Veronica Raimo, Tout faux

L’accent qui chante vous conseille

Tout faux

D

epuis que j’exerce le métier de libraire, on me demande souvent si j’écris. Je réponds alors un peu intimidée que non, je me « limite » simplement à la lecture ; mes interlocuteurs me demandent pourquoi, comme si l’acte de lire était indissociable de celui d’écrire. Je trouve cette idée un peu saugrenue, mais je ne me défile pas et leur révèle toujours les raisons de ce rendez-vous manqué avec l’écriture. Avant tout, la conviction de ne pas en être capable, puisque si c’était le cas, il y a longtemps que j’aurais révélé mon talent. La deuxième raison est que j’ai trop de livres à lire et trop peu de temps à disposition, et la troisième raison est que la vie d’écrivain ne me fait en rien envie, même si à mon âge encore je considère les auteurs à succès comme des « monstres sacrés » à observer de loin.
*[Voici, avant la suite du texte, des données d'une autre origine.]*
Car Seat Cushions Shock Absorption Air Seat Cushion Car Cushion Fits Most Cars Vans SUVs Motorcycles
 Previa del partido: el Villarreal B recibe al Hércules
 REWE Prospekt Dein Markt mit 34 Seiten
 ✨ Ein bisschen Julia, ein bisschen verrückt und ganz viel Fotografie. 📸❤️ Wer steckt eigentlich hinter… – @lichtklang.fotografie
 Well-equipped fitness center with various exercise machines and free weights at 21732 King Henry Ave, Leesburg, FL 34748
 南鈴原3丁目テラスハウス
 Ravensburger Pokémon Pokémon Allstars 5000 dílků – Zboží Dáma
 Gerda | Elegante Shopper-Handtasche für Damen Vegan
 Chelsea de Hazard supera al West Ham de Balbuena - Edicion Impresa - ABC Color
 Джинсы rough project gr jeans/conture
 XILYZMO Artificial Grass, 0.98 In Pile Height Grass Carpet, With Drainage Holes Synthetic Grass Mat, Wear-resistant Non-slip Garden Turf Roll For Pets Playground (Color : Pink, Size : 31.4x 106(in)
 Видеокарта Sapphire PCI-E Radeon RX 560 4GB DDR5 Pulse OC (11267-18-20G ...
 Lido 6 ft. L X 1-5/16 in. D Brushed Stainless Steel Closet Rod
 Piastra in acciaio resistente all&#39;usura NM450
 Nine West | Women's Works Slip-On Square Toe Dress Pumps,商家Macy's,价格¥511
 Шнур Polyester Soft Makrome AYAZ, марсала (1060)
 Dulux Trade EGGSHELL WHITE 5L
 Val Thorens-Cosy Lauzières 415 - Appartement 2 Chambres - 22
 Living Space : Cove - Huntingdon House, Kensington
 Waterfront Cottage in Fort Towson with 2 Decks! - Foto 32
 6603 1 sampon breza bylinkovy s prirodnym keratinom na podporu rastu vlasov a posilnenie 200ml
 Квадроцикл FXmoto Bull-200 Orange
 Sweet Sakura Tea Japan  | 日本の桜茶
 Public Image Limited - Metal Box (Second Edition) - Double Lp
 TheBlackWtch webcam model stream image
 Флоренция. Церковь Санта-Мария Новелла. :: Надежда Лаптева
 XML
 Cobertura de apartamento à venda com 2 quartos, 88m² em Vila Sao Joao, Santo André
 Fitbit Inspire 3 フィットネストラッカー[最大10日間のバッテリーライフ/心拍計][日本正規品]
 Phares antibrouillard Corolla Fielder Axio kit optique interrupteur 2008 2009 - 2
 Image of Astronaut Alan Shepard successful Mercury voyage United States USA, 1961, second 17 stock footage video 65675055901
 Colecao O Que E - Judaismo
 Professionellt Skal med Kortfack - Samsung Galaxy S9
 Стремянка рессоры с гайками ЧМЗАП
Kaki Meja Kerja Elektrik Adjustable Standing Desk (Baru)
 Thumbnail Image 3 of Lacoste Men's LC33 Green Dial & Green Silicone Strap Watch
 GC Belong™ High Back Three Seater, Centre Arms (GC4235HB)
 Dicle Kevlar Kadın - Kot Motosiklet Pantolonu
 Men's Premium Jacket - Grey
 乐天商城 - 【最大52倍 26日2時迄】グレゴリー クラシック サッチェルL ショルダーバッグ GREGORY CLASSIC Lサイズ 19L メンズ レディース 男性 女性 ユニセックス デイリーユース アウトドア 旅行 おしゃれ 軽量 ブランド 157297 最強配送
Donc, je n’écris pas. Mais je m’amuse à classer les livres entre « ceux que j’aurais aimé avoir écrit » et « ceux que je n’aurais pas aimé écrire », une lubie qui semble en contradiction avec les raisons énoncées plus haut, mais dont je n’arrive pas à me défaire : cela m’aide à m’y retrouver dans la montagne de livres lus et encore à lire.

En haut de la liste des nombreux « livres que j’aurais aimé avoir écrit » se trouve depuis quelques semaines « Tout faux » de Veronica Raimo : un roman dont j’ai longtemps retardé la lecture avant de le proposer aux participants de « Sinergia letterarie » (par principe, je ne propose jamais de livres que j’aurais déjà lus). Clarifions déjà une chose : lorsque je dis que j’aurais aimé écrire ce livre, je ne veux pas dire que je voudrais échanger ma vie avec celle de la protagoniste du livre de Raimo (ceux qui l’ont lu comprendront). Mais si j’avais le talent nécessaire pour écrire, j’aimerais utiliser l’écriture pour faire tout ce que je ne souhaite pas ou ne me risque pas à faire dans la vie réelle, comme : raconter des semi-vérités, déconcerter, provoquer, me moquer ou faire de l’autodérision, faire rire à gorge déployée. Un peu comme au Carnaval, quand ogni scherzo vale* (« Au Carnaval, tout est permis »). Bref, je pourrais dire que dans « Tout faux », Veronica Raimo se déguise en l’écrivaine que je ne serais jamais.

S’ajoute à cela que j’ai un faible pour les histoires de familles dysfonctionnelles : c’est plus fort que moi, dès qu’il en est question je m’y plonge à corps perdu. Les récits que je privilégie sont ceux narrés à la première personne, dans lesquels je peux rester des heures à écouter les confessions des personnages souvent quelque peu extravagants que la vie a mis à l’épreuve, à l’image d’un psychothérapeute (un autre métier que je n’exercerai jamais). « Tout faux » s’inscrit dans cette catégorie mais s’en distingue par une caractéristique qui m’a perturbée et séduite à la fois : l’ironie. Chaque ligne de ce roman est en effet imprégnée d’une forme particulière et désopilante de sarcasme, qui est un mélange de détachement, de désenchantement et d’hyperbole. En résulte quelque chose de rare en littérature : un livre qui parle de choses sérieuses, souvent très dures, mais qui se lit presque comme une comédie.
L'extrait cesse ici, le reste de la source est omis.